“BRITAIN’S 40% SURGE IN ETHNIC NUMBERS – 9 MILLION LIVING HERE ARE NON-WHITE”, yells the front-page headline this morning. It’s a classic tabloid ghost train ride: here come the immigrants, taking over Britain, turning us all a duskier shade of off-pink. When you think about it, “ethnic” is such an odd term to use – we’re all ethnic, of one type or another – but they’re using it to mean “ethnic minority”, as they have done before, together with the rather more blunt expression “ethnics”.
I suppose it’s one of those things that might bother some people more than others. It depends on whether you think these islands belong to people who are “white” more than people who are “non-white”, or whether you see the changes in population as a positive thing. Can you really divide up the various mixed races and groups in this country of rich heritage into the binary of “white” and “non-white”? And if you can, what are you trying to say?
This kind of thing goes back to an “us and them” distinction that has been apparent in the Daily Express and Daily Star for a while, usually in relation to Muslims and British people, as if the two could not possibly be the same. In this instance, the “us and them” narrative is that this country’s population is composed of two types of people: white and non-white. The assumption is that “we” are white and “they” are non-white, and there isn’t anything in between.
Give the readers what they want
It might be the case, of course, that this assumption may reflect a deeper truth about the readership of the publications in question, but this is still a national newspaper, shouting out from the news-stands to everyone, purporting to tell a version of reality. Even if you are pandering to an ever-dwindling bunch of frightened Little Englanders who are worried about immigrants, that doesn’t excuse the use of this kind of terminology, if you’re going to have integrity about the things you present as being true and untrue.

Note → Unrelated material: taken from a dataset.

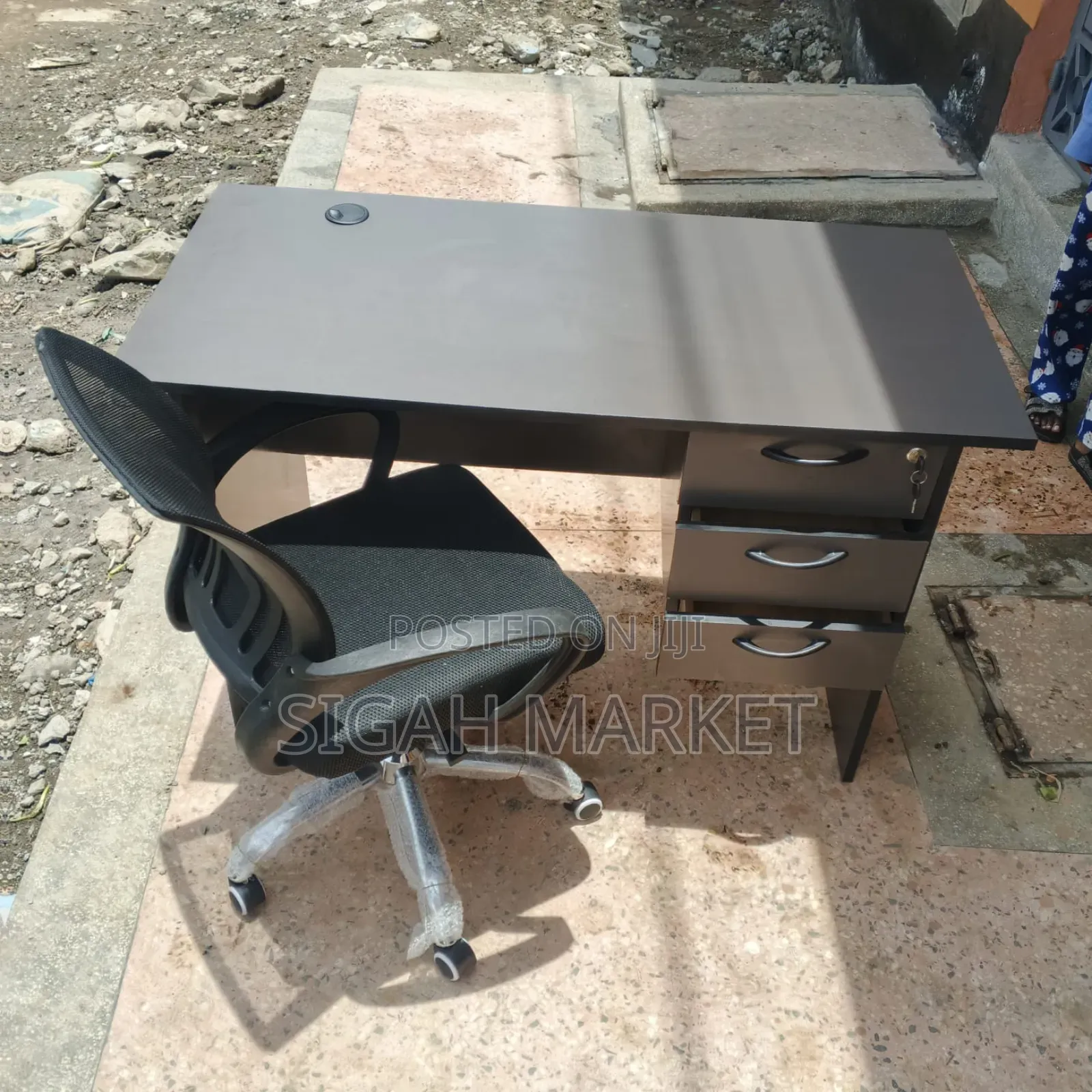 Office Desk and Adjustable Mesh Chair Available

But this is 2011. I keep looking at the calendar and imagining that I’ve slipped back a few decades, to another time, another era, when people didn’t know enough about growing up in a multicultural society to know about “ethnic minorities”.
But no, this kind of headline is still being splashed in a national newspaper, as if non-pink people were some kind of novelty who only came into being under New Labour and who have been pouring across the (open) borders to try to take over ever since; as if it really is a case of “us” and “them”, of “white” and “non-white”.

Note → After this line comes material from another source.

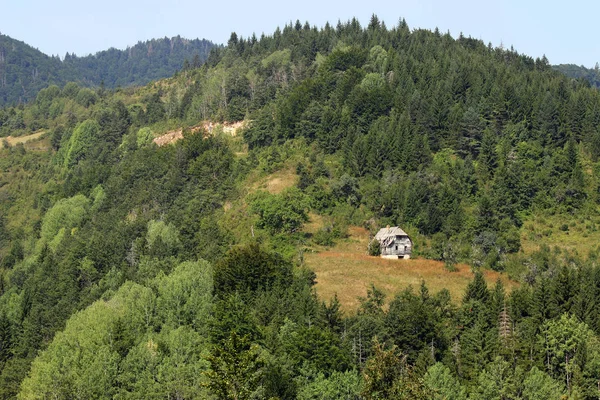 Förstörda stuga på bergslandskap — Stockfoto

If it weren’t so depressing, it would be faintly hilarious. But it is depressing that a newspaper should make a scare story out of there being people in this country who aren’t white.
Cakey consolation
The world can be a scary place, of course, particularly if you read the tabloids – but if you got your information about it from the Express and the Express only, you might find it to be more scary than it really is.
Every day, a new scare, a new thing to be worried about, a new reason to hide behind the door chain and be afraid of what’s out there. It’s a miracle that the readers even manage to get out to the corner shop and buy the newspaper in the first place, so afraid must they be of what lurks out there.
“MILLIONS MUST WORK AFTER 70”, thundered Wednesday’s edition – but at least there was a free sandwich to keep you going. “FURY AS JUNKIES GET £1BN BENEFITS”, boiled Tuesday’s edition – with only the promise of a lemon drizzle doughnut to ameliorate that anger. And on Monday, we were faced with “BRITAIN’S HAY FEVER HELL” – mind you, there was a free chicken stuffing lattice on offer, as long as you could see through the streaming eyes long enough to find your local branch of Greggs.
Every day, another scare, another thing to depress you, another thing to make you angry about the unfairness of it all – and another free thing from the bakery. What’s surprising, perhaps, is that they’re plugging Belgian buns today, of all days. Bloody Belgian buns, coming over here, taking our pastries . . . Still, at least the icing’s white. And that’s all that matters.